Antes de agir, avalie se as medidas podem ser realizadas sem comprometer a sua própria segurança e a segurança das demais pessoas no local.
O que fazer ao prestar socorro às vítimas de trânsito?
Ao prestar socorro às vítimas de trânsito, é importante adotar algumas ações iniciais para assegurar a segurança da vítima e a sua própria segurança.
Veja abaixo algumas orientações básicas sobre o que fazer.
| Avalie o local e verifique a segurança | Avalie o local antes de se aproximar da cena do acidente e confira a segurança do ambiente. Certifique-se de que não há risco de incêndio, vazamento de substâncias perigosas ou tráfego intenso. |
|---|---|
| Acione o socorro especializado | Acione o socorro especializado o mais rápido possível, informando as características do acidente e a necessidade de assistência médica. |
| Mantenha-se calmo e tranquilize a vítima | Mantenha-se calmo e tranquilize a vítima, explicando que a ajuda está a caminho. Seja solidário e ofereça apoio emocional até a chegada dos profissionais de saúde. Ouça queixas, não minta e não dê informações que causem impacto. |
| Permaneça junto à vítima | Permaneça junto à vítima em um local onde ela consiga te ver. |
| Solicite ajuda | Se ela estiver agressiva, solicite a ajuda de familiares ou conhecidos, se houver algum no local do acidente. |
| Controle sangramentos | Controle sangramentos, aplicando pressão direta com um pano limpo ou curativo estéril. |
| Proteja-se | Proteja-se com luvas ou outro material, como sacos plásticos, para evitar que suas mãos entrem em contato com o sangramento e possíveis secreções. |
| Facilite a respiração e a circulação da vítima | Facilite a respiração e a circulação da vítima, tomando sempre o cuidado de não movimentá-la. Isso inclui retirar acessórios como anéis, brincos e pulseiras, afrouxar a roupa e soltar o cinto de segurança. No caso de motociclistas, abra a viseira e a presilha do capacete. |
O que não fazer ao prestar socorro às vítimas de trânsito?

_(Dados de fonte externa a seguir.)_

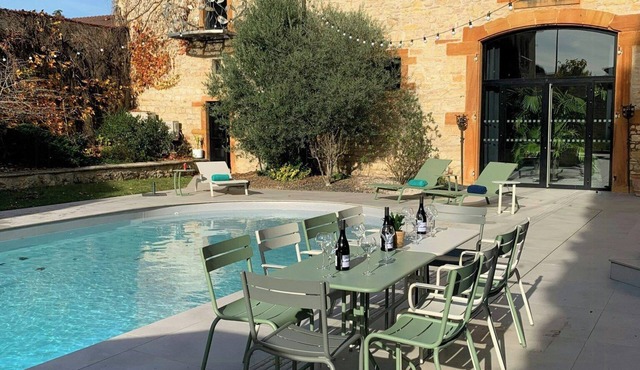 Wine estate with pool in the heart of Beaujolais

Ao prestar socorro às vítimas de trânsito, é importante evitar algumas ações para assegurar a segurança da vítima e a sua própria segurança.
Veja abaixo algumas orientações básicas sobre o que não fazer.

| Não ofereça nada à vítima | Não ofereça nada à vítima, ainda que ela peça: Isso inclui remédios, pomadas e até mesmo água. Essa regra existe porque a vítima pode ter alguma alergia à medicação. E no caso da água, pode causar vômito, fazer a vítima engasgar e até mesmo sofrer asfixia. |
|---|---|
| Não movimente a vítima | Não movimente a vítima, a não ser que haja risco imediato à vida, como incêndio ou explosão. Movimentos inadequados podem agravar lesões na coluna vertebral. Aguarde a chegada do socorro especializado para uma avaliação mais segura. |
| Não remova capacetes | Não remova capacetes, pois isso pode agravar lesões no pescoço e na coluna. |
| Não aplique torniquetes | Não aplique torniquetes para estancar hemorragias, pois é uma ação que só deve ser feita por pessoal treinado. |
| Não realize respiração boca-a-boca | Não realize respiração boca-a-boca, essa é uma ação que só deve ser executada por especialistas e com equipamentos adequados |
| Não mexa em um membro fraturado | Não mexa em um membro fraturado, limite-se a imobilizá-lo. |
| Não remova veículos envolvidos no acidente | Não remova os veículos envolvidos no acidente, para não atrapalhar o trabalho da perícia. |
Quais são as principais etapas do atendimento?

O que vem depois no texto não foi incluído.